De quais maneiras a falta de acesso à informação sobre mulheres indígenas encarceradas afeta a garantia dos direitos dessas mulheres?
Uma primeira questão a ser pautada quanto às mulheres indígenas em situação de prisão é justamente que a falta de dados ocasiona uma invisibilidade sistêmica dessas mulheres na Justiça criminal, de forma que não se conhecem e também não se garantem seus direitos específicos. Da mesma maneira, não se sabe quantas mulheres indígenas estão em conflito com a lei, nem mesmo as acusações que recaem sobre elas.
Quanto aos direitos específicos, cabe ressaltar que o principal entre eles diz respeito à prioridade em absoluto pela aplicação de medidas alternativas ao encarceramento, conforme afirmam as Regras de Bangkok, aprovadas pela ONU em 2010, inclusive com ativa participação do Brasil. Trata-se de uma lista de regras que dispõem sobre o tratamento de mulheres presas e medidas não privativas de liberdade para mulheres infratoras.

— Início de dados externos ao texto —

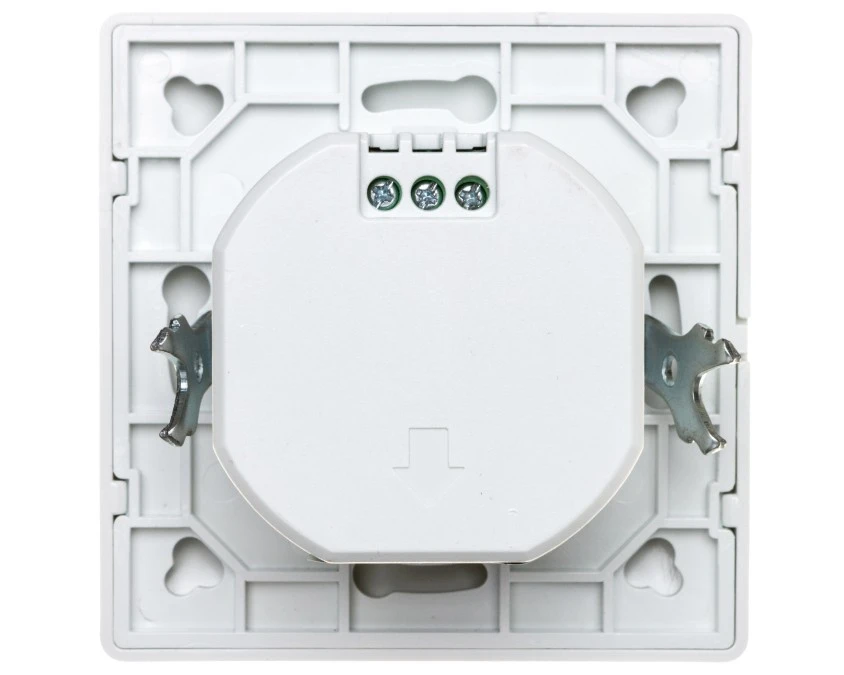 Mikrofalowy czujnik ruchu podtynkowy 5,8GHz 180st IP20 1200W 5 lat gwarancji OR‑CR‑239 - obrazek 2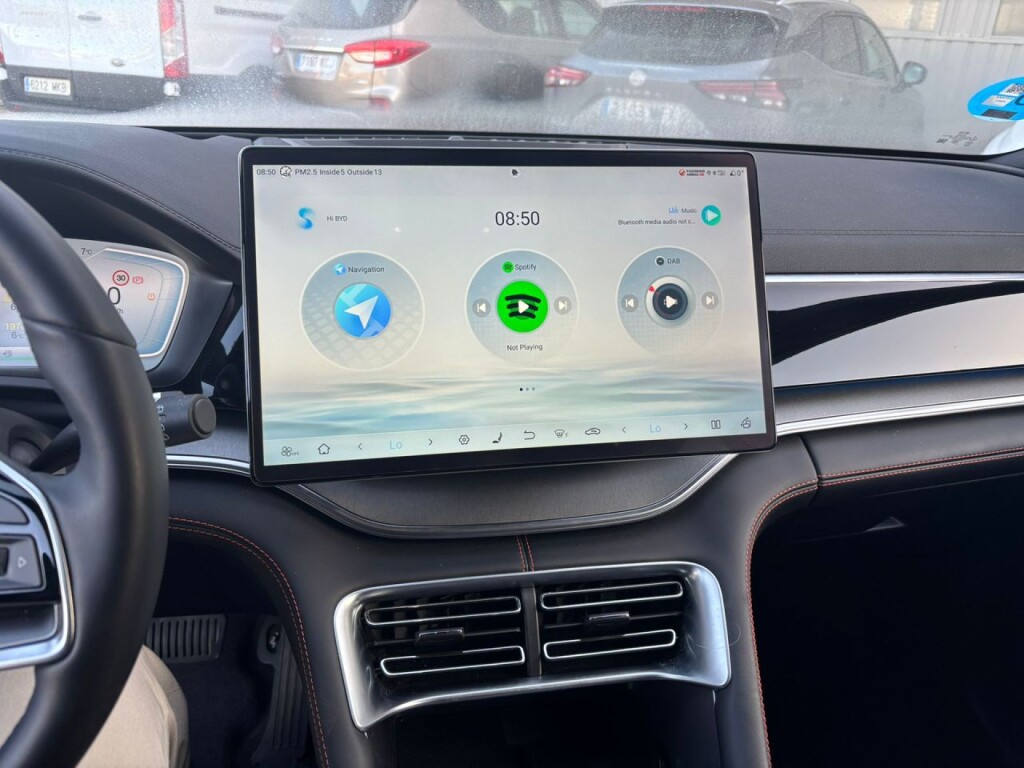 Foto 9 del anuncio BYD Seal U DM-i Comfort  de Ocasión en Madrid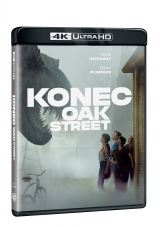 BLU-RAY Film - Na konci Oak Street BD (UHD)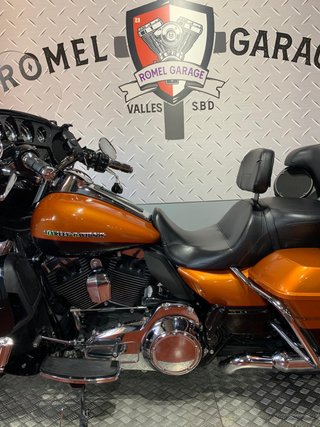 Harley Davidson Ultra Limited Low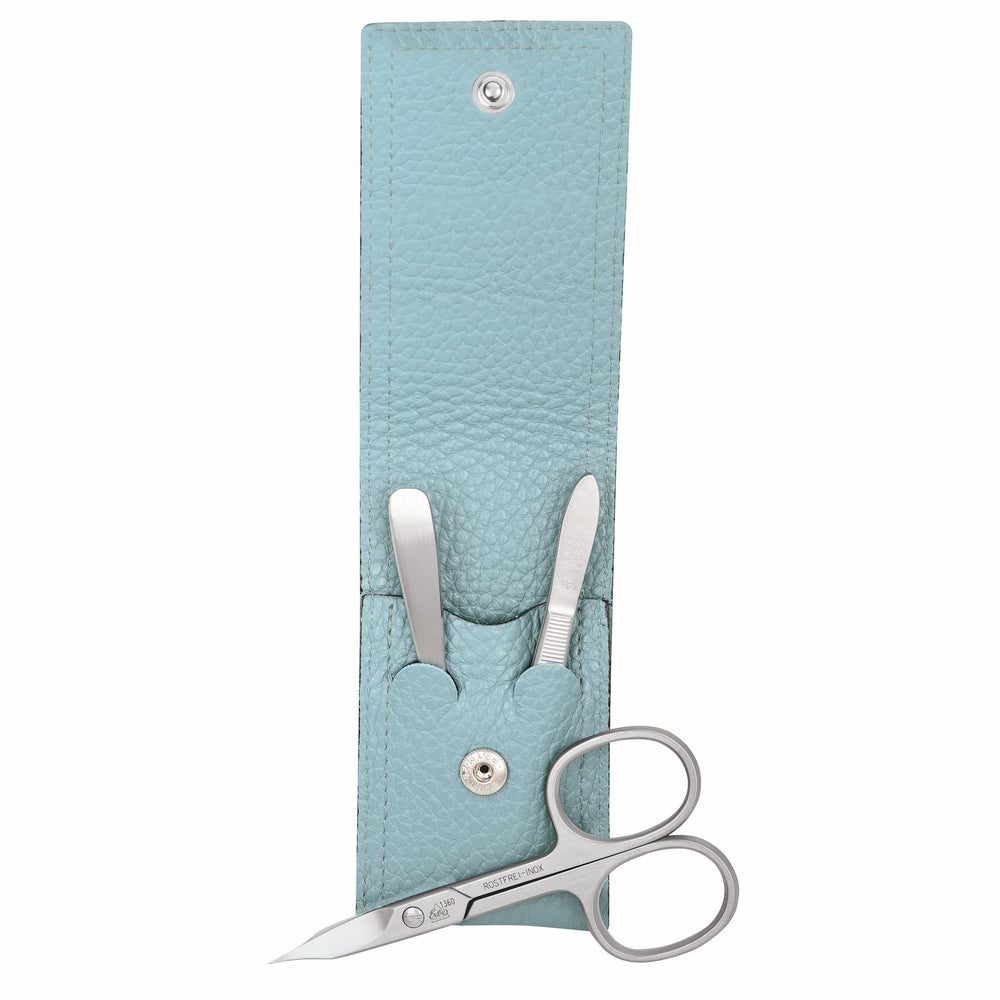 Erbe Maniküre Taschenetui inox Mint Piemont Limited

As regras 54 e 55 tratam especificamente da proteção das mulheres indígenas e estipulam a obrigação do Estado em reconhecer que as mulheres indígenas podem sofrer discriminações e dificuldades em razão de sua origem, e, portanto, devem ser identificadas como tal e ter suas necessidades específicas supridas. Além disso, determina também que políticas públicas na área devem sempre ser construídas com a participação das próprias mulheres e de suas comunidades, observando ainda a necessidade de se considerar os processos históricos, a ruptura de vínculos que a prisão pode trazer e a afetação direta gerada na vida dessas mulheres e de suas comunidades.